Keempat tidak mengizinkan orang lain masuk kecuali diizinkan suami
Para suami adalah makhluk pencemburu, bagaimanapun mereka berusaha
menyembunyikannya dari hadapan istrinya (sementara para istri terang-terangan
cemburu secara berlebihan) maka sudah seharusnya jika kedatangan orang lain
mendapat izin terlebih dulu dari suami, terutama tamu lain jenis. Ini juga
terkait dengan cara para istri membalas sapaan, sms atau obrolan dengan lawan
jenis yang bukan mahramnya.
Istri yang baik tentu tak membiarkan suaminya larut dengan
kekhawatiran dan cemburu hingga memilih taat dan tidak membuka peluang
munculnya hal-hal yang berlebihan dalam interaksinya.
Kelima tidak berpuasa sunah kecuali atas izin suami
Ini terkait dengan hak suami atas istrinya.
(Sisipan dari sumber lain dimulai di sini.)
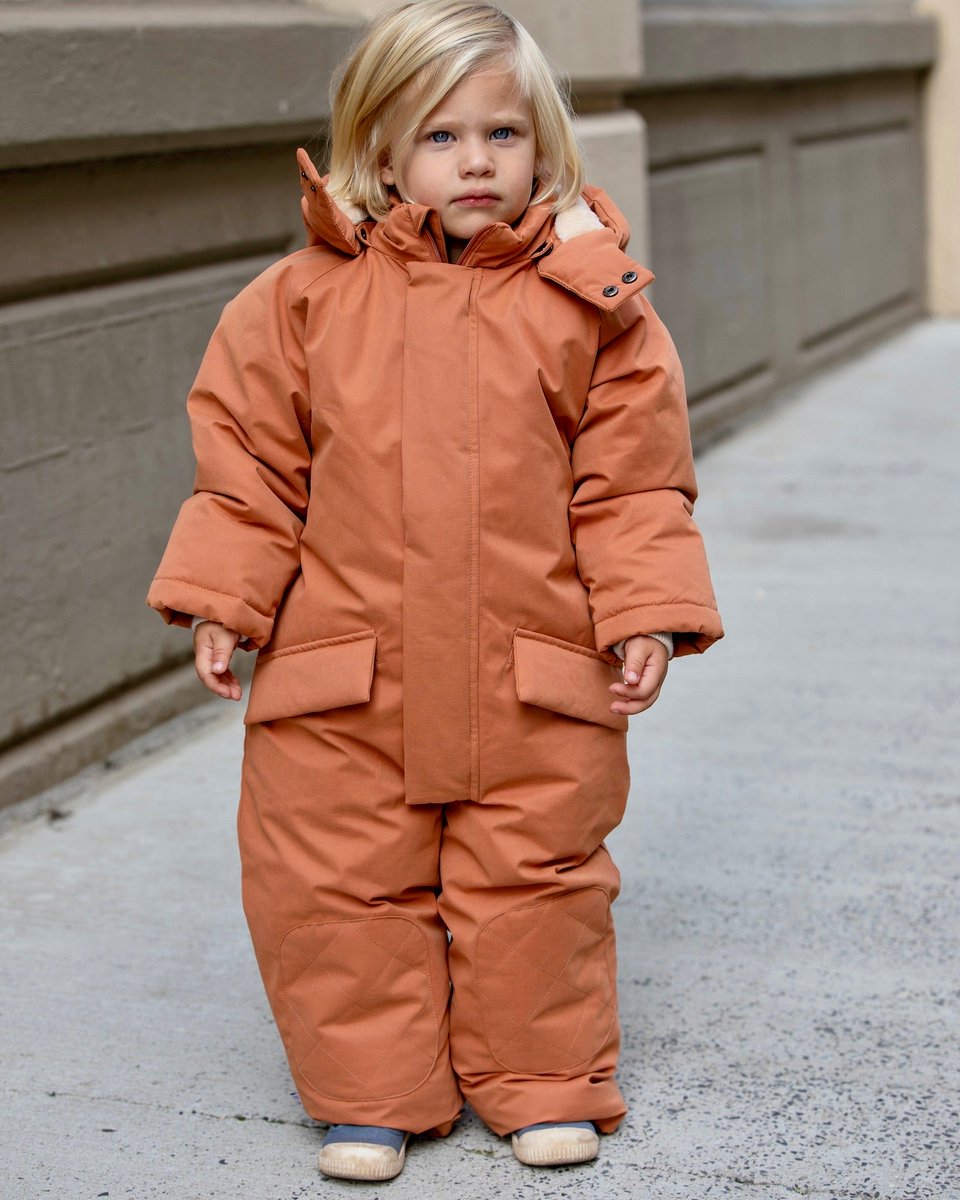 7AMenfant's tweet photo. Snowsuits are IN! ❄️ It’s snowsuit season🥶 Forget all the layers, wear it as a one piece to keep your kiddos extra warm. Check out the colors >> https://t.co/hTvBLmyhj0

#7amenfant #snowsuit #kids #toddlers #kidsfashion #winter #snow #autumn #skiing https://t.co/AJrVYEEtNs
Suami memiliki hak
untuk bersenang-senang dengan istrinya setiap hari. Maka menunaikan hak suami
lebih utama daripada menjalankan kebaikan yang sifatnya sunah.
***
Well, sampai sekarang saya masih suka baca buku-buku tentang
pernikahan. Ini itu yang sudah tahu pun ketika dibaca lagi menimbulkan semangat
untuk mengaplikasikannya lagi. Usai membaca tentang kewajiban istri, jadi lebih
semangat berbenah ketika di rumah. Merawat agar tetap segar dan menarik saat di
rumah, disukai suami, dapat pahala pula.
Tidak ada salahnya juga baca bareng suami, lebih romantis malah.
Saya suka membacakan beberapa hal yang menurut saya penting pada suami, baru
deh dia mau ikutan baca kalau tahu ada yang penting. Atau menghadiri kajian
tantang rumah tangga bersama-sama. Meski kadang, kami suka saling tuding saat
mendengarkan kajian bersama. Saat suami yang sedang dibicarakan, saya dengan
semangat bilang “Tuuuh…”, suami juga gitu. Atau saat peran suami sedang
dipuji-puji, suami yang jumawa sambil bilang “Tuuuh…kaan…”
Bagaimanapun, itu semua mengasyikkan. Lebih afdhal lagi kalau ilmu
yang sudah kita pelajari kita aplikasikan dengan menurunkan derajat kengeyelan
dan saling mengalah untuk kebaikan bersama. Insya Allah akan lebih indah.
Ketaatan seorang istri pada suami termasuk sebab yang
menyebabkannya masuk surga. Rasulullah shalallahu ‘alaihi wa sallam bersabda,
“Jika seorang wanita selalu menjaga shalat lima waktu, juga berpuasa sebulan
(di bulan Ramadhan), serta betul-betul menjaga kemaluannya (dari perbuatan
zina) dan benar-benar taat pada suaminya, maka dikatakan pada wanita yang
memiliki sifat mulia ini, “Masuklah dalam surga melalui pintu mana saja yang
engkau suka.” (HR. Ahmad 1: 191 dan Ibnu Hibban 9: 471. Syaikh Syu’aib Al
Arnauth mengatakan bahwa hadits ini shahih).